Сказалась старая привычка к «кочевой» жизни: не прошло и пятнадцати минут, как я вошел в гостиную. Рэдли при моем появлении озабоченно вскочил:
– Доктор Ватсон! Как вы себя чувствуете?
– Теперь я способен передвигаться и разговаривать, что, мне кажется, является улучшением по сравнению с прошлой ночью. А как бригада?
– Я был в больнице сегодня утром. Оба пришли в сознание, но ни один не может объяснить, что на них нашло прошлой ночью на площадке. Доктора предписывают им полный покой до окончательного выздоровления.
Холмс предложил нам кофе, а когда мы уселись, начал свой рассказ:
– Я уже говорил вам, мистер Рэдли, в Тэмпл-Коумбе, что сделал определенные открытия. На той стадии я обнаружил, что леди по имени Эйлин Нигл была на борту «Нью-Йорка» и сошла на берег в Плимуте. Плимутский поезд следовал до Ватерлоо, а из некоего источника нам известно, что срочное дело, которое можно охарактеризовать как «государственное», у нее было в Лондоне. Списки погибших и уцелевших в катастрофе, предоставленные компанией, показывают, что ее, по всей видимости, в поезде не было. Место этой леди, вероятно, занял некий Джонатан Я. Сэмуэль, имя которого почти наверняка было настоящим, но по единственному названному им адресу – в отеле – ваши агенты его не нашли.
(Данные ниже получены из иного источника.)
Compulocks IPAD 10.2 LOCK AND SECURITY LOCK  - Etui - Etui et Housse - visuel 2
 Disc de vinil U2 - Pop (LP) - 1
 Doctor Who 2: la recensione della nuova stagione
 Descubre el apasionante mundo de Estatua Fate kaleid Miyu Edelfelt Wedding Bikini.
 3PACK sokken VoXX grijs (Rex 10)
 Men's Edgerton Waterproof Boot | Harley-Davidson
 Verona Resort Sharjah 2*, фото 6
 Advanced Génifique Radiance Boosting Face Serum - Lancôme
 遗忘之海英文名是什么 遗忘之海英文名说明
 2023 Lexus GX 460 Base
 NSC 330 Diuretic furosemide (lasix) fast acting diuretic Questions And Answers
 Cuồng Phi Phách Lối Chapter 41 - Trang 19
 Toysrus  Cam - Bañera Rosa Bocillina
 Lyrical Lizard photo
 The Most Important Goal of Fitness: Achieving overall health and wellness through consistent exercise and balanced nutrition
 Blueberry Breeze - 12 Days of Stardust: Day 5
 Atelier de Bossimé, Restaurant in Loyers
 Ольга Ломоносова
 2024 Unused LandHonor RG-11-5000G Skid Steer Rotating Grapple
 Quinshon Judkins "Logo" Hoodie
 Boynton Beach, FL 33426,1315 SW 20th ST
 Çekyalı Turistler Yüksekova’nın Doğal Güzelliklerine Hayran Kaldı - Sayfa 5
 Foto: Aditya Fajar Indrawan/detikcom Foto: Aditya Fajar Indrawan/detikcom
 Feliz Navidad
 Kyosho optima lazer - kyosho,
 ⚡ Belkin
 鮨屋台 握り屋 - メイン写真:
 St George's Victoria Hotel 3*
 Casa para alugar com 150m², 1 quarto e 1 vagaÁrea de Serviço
– А разве эти двое имеют какое-то отношение к крушению?
– Весьма вероятно, что никакого, хотя я уверен в обратном. Однако этот инцидент относится к разряду так называемых «государственных дел», поэтому сейчас я не имею возможности в деталях изложить вам мои подозрения. Тем не менее довольно точно можно обрисовать, как произошла трагедия, при условии, что эта информация останется между нами до тех самых пор, пока я не сочту нужным ее обнародовать.
Рэдли заметно напрягся.
– Мистер Холмс, – произнес он, – мне кажется, вы требуете слишком. Я уже говорил, как важно разрешение этой загадки для меня и моих компаньонов. Как вы можете просить меня держать в секрете ваши открытия?
– Мистер Рэдли, то, что я обнаружил, не оставляет на Лондонской юго-западной компании ни грана вины. Но в этом деле, по всей видимости, затронуты национальные интересы. До тех пор пока я не избавлюсь от всяческих сомнений на сей счет, мне придется просить вас хранить молчание, даже для ваших коллег.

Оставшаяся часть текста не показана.